Exercise directions -
The word "what" appears in some lines of the records below; state how many lines, and nothing else.

Dataset -
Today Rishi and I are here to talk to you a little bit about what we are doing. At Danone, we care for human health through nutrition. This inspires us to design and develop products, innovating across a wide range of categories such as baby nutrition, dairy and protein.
...
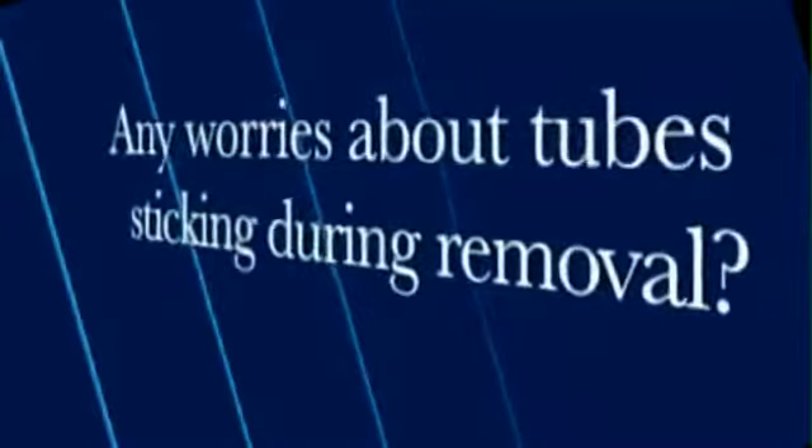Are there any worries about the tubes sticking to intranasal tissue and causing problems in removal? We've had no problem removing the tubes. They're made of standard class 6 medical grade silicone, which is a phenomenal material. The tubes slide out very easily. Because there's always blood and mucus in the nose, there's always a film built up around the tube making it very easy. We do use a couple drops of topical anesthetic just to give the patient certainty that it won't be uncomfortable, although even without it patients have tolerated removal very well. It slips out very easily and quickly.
==
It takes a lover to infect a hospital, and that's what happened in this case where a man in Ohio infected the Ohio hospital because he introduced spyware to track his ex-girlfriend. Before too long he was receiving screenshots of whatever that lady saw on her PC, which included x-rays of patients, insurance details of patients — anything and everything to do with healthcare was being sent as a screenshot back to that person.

Written answer -
2